**Exercise prompt:** Every line below from the one with "Colina, Chile, 4" through the one with "Laad de afbeelding" should be retyped exactly, both ends included; no other lines and no pictures.

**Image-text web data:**
<<<<
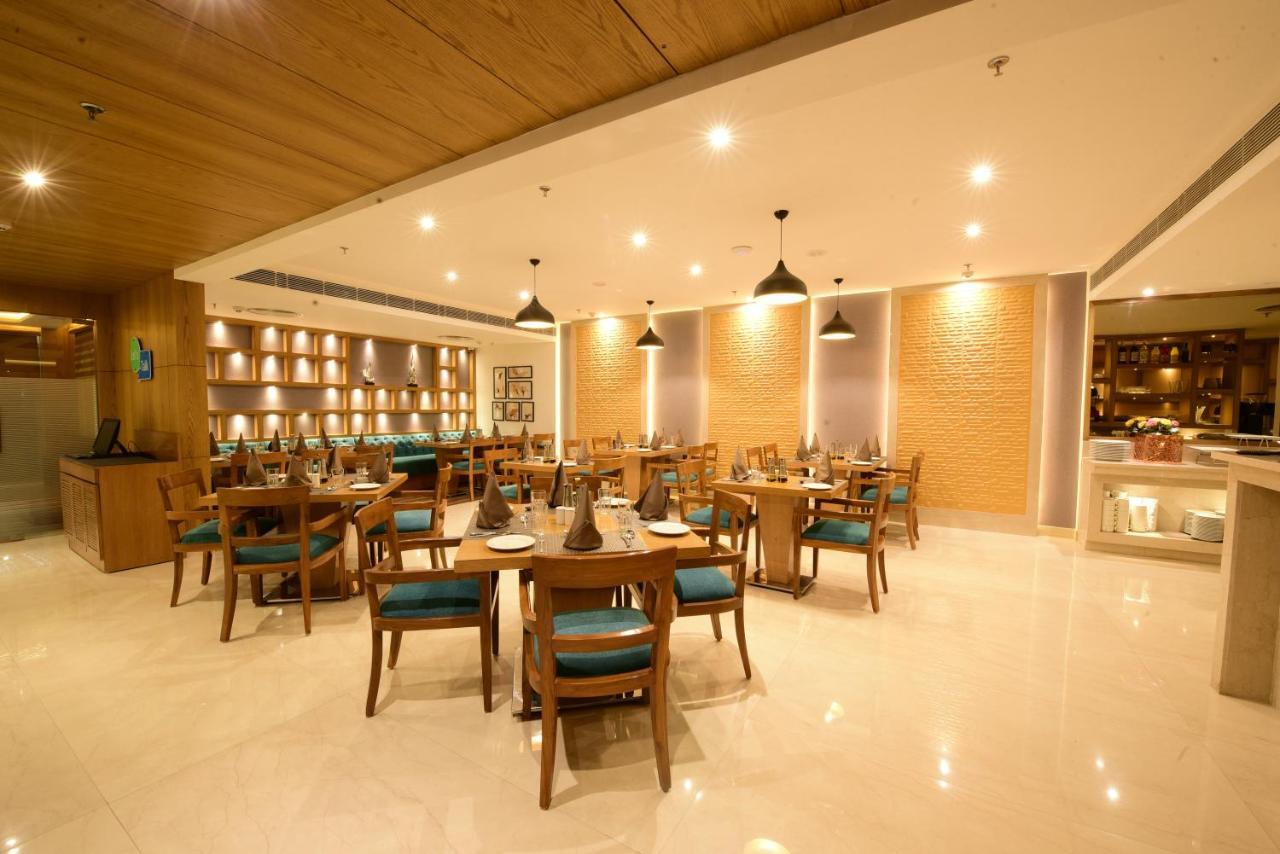 Surestay Plus By Best Western Amritsar Bagian luar foto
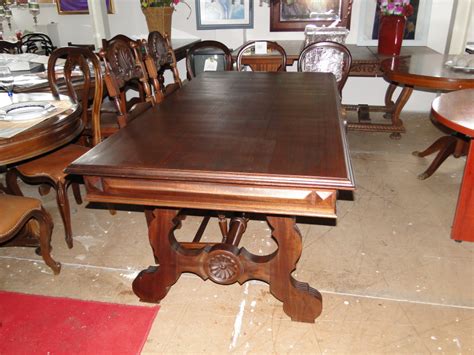 Mesa de sala antiga em madeira maciça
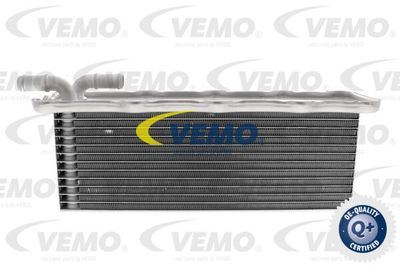 Интеркулер VEMO V15-60-6077 для VW CC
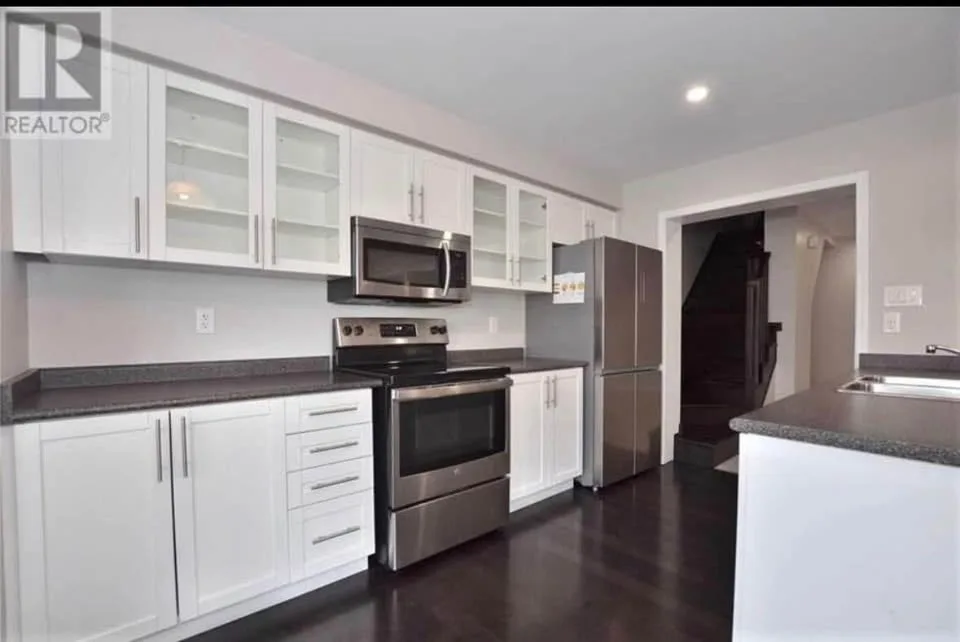 3 Beds 2 Baths - Townhouse image indicator(2)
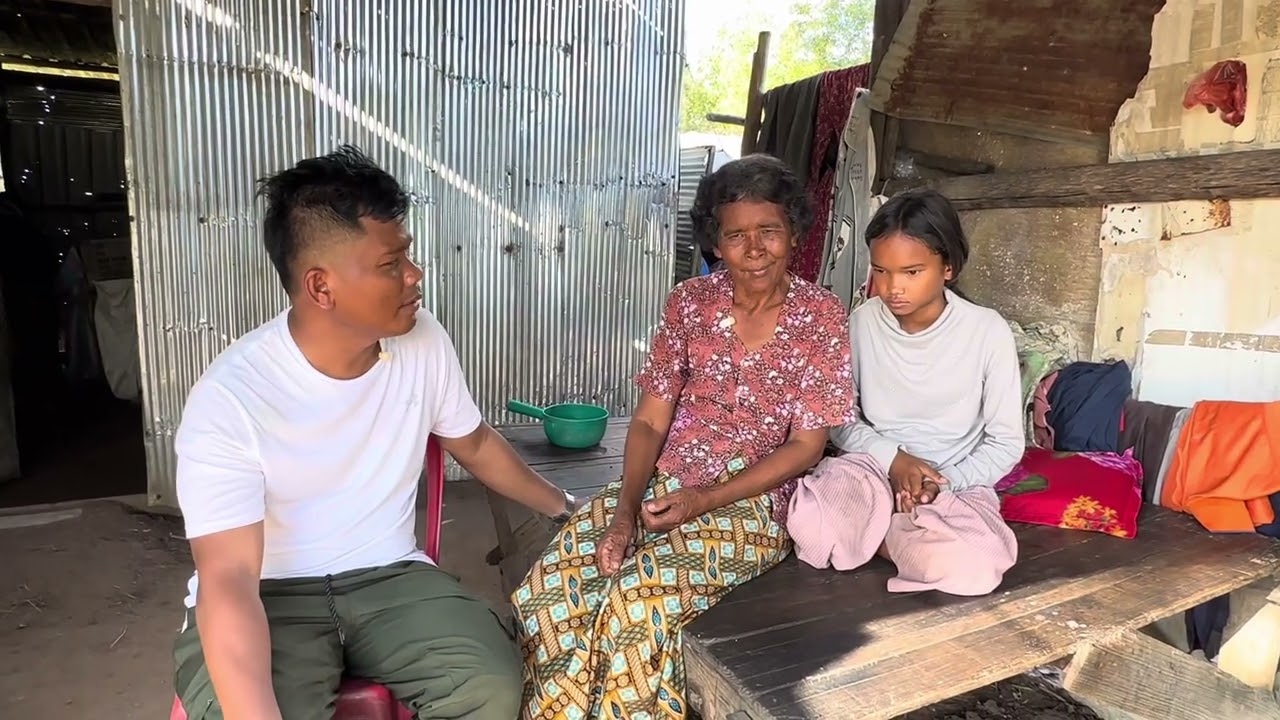 យាយចៅដើររើសអេតចាយ រស់នៅលើដីគេ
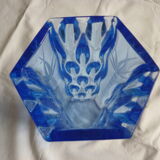 Vase en cristal bleu gravure de palmiers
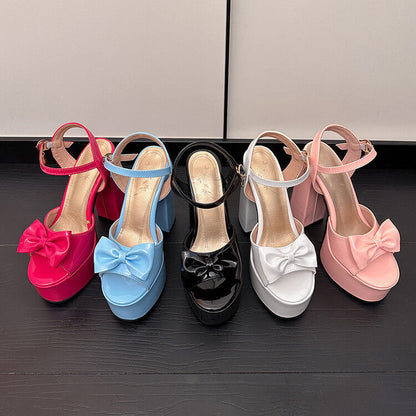Graceful Orthopedic Sandals for Modern Look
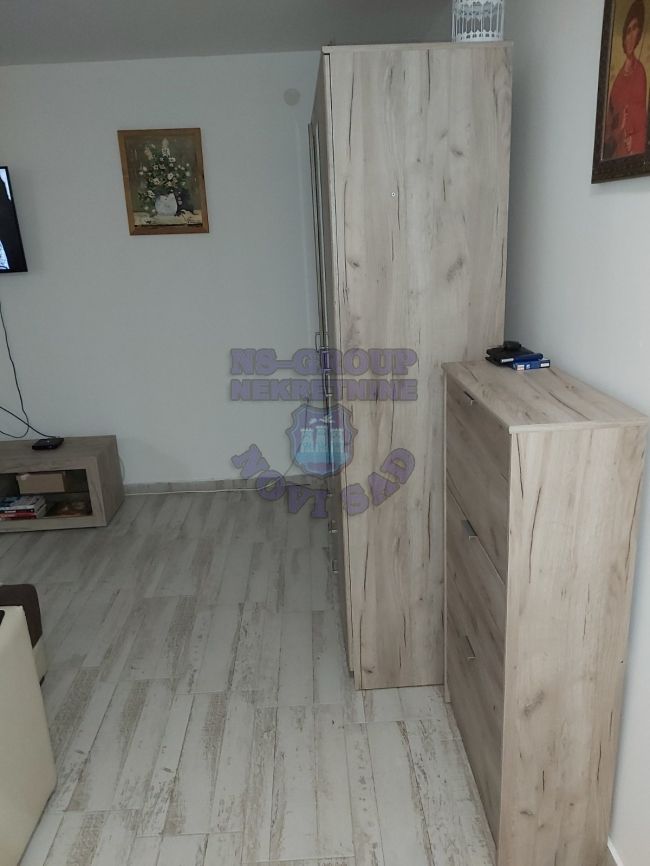Stan na prodaju Veternik 31m2, 462167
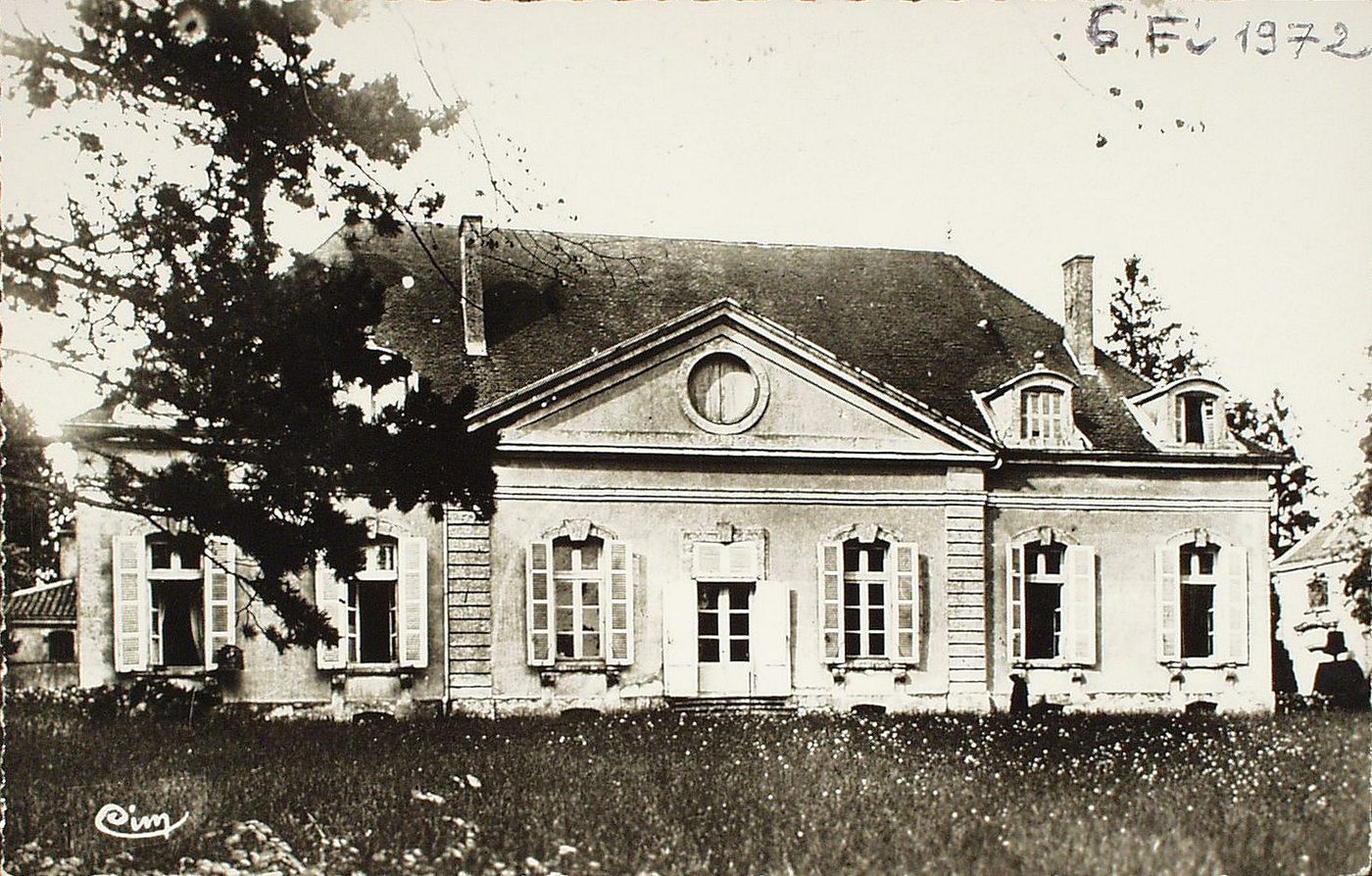 Hurigny. Le château de Leusse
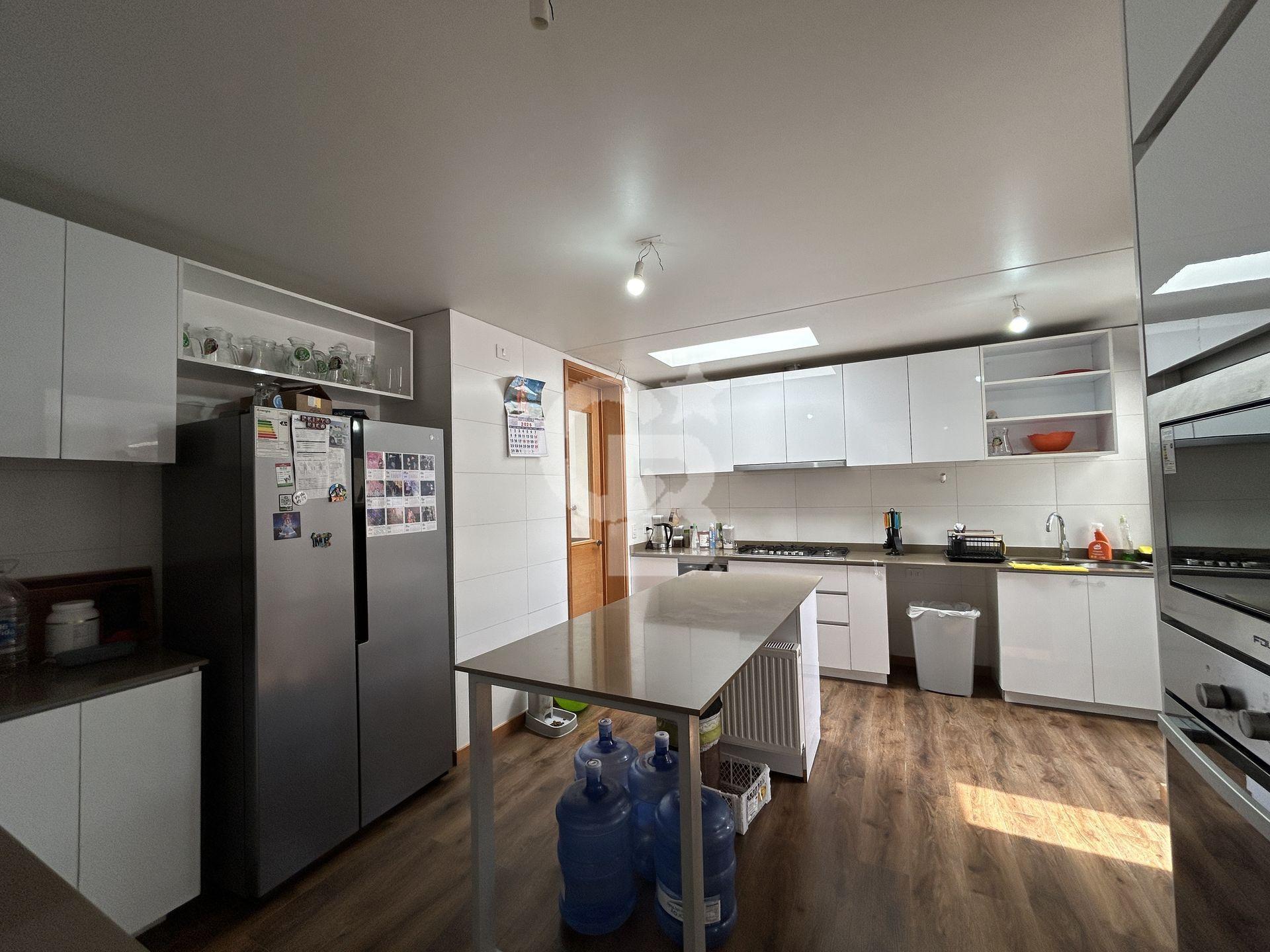 Colina, Chile, 4 Bedrooms Bedrooms, ,5 BathroomsBathrooms,Residential,For Sale,1991105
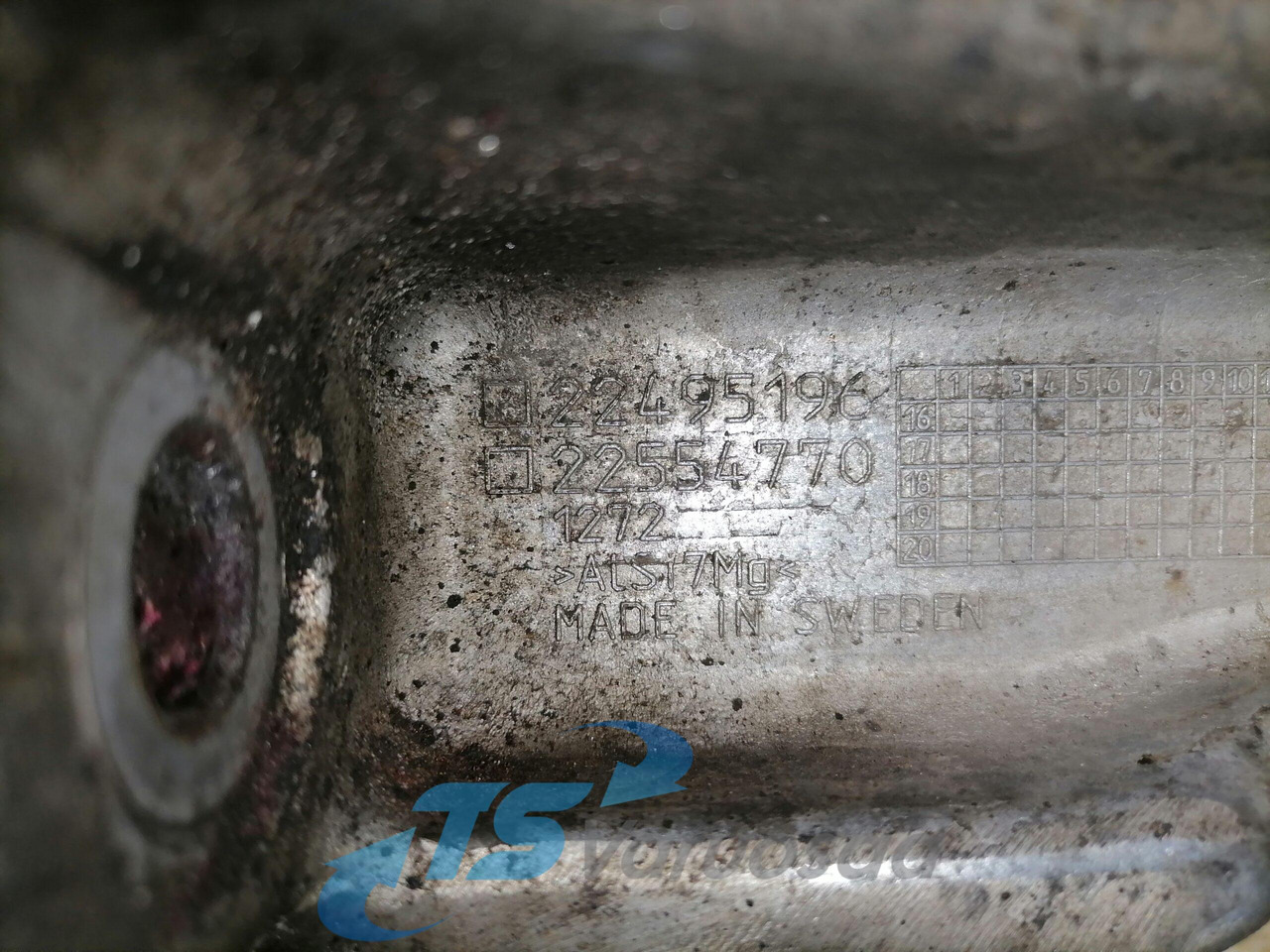 Volvo Muffler carrier 22495196 - Muffler for Truck: picture 4 Volvo Muffler carrier 22495196 - Muffler for Truck: picture 4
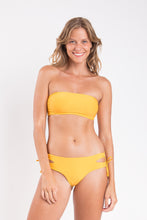 Laad de afbeelding in de Gallery-viewer, Model Front: Rio De Sol Top Top Solar Bandeau-Reto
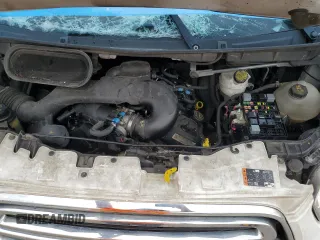 2017 Ford Transit with VIN 1FTYR1ZM7HKB00228, listed as a Copart auction lot 53419004 with Not Provided miles and Salvage Title. Bid and sale history available at DreamBid. Image 13.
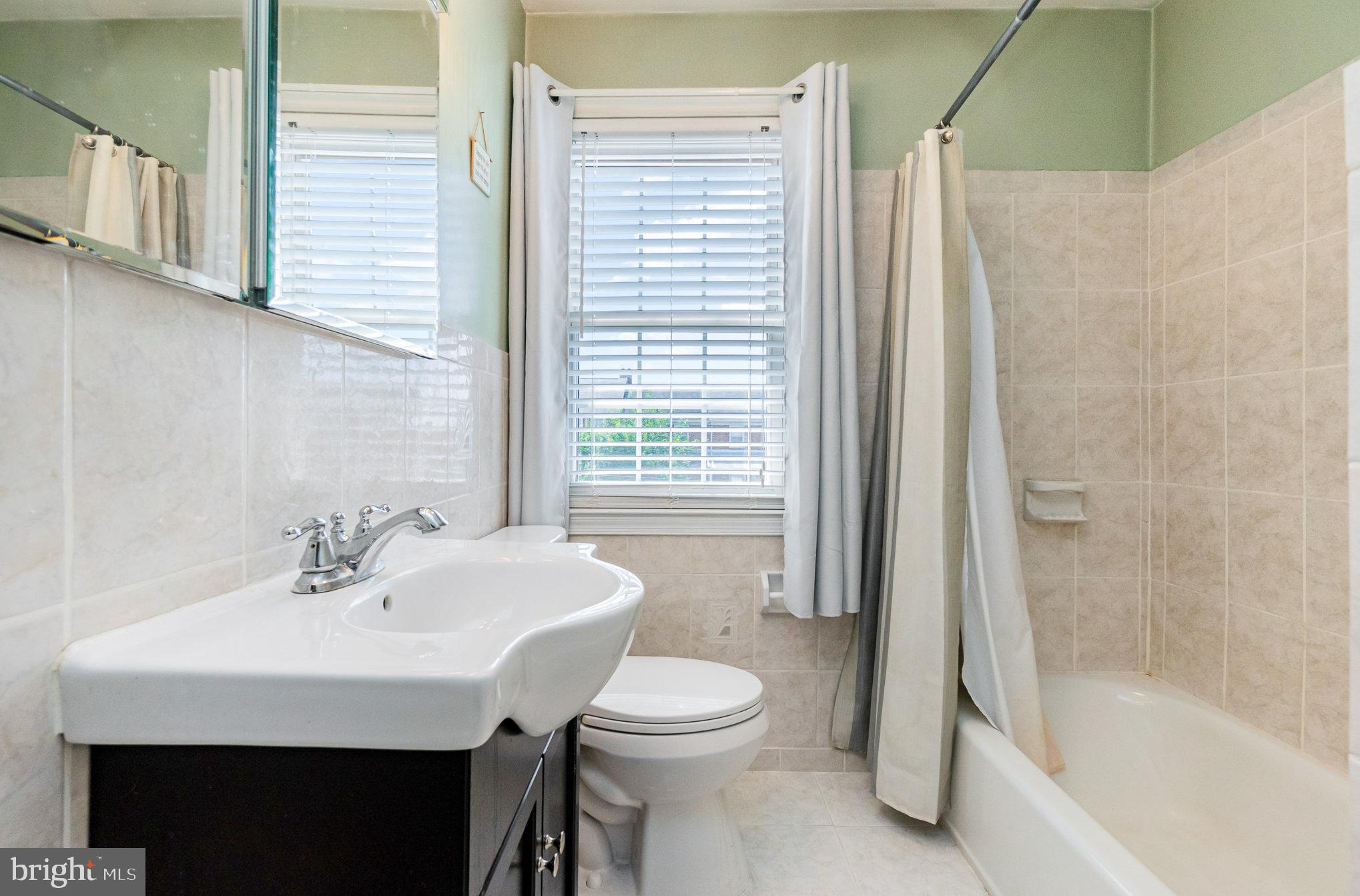 EASTWOOD - Residential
>>>>
**Your response:**
 Colina, Chile, 4 Bedrooms Bedrooms, ,5 BathroomsBathrooms,Residential,For Sale,1991105
 Volvo Muffler carrier 22495196 - Muffler for Truck: picture 4 Volvo Muffler carrier 22495196 - Muffler for Truck: picture 4
 Laad de afbeelding in de Gallery-viewer, Model Front: Rio De Sol Top Top Solar Bandeau-Reto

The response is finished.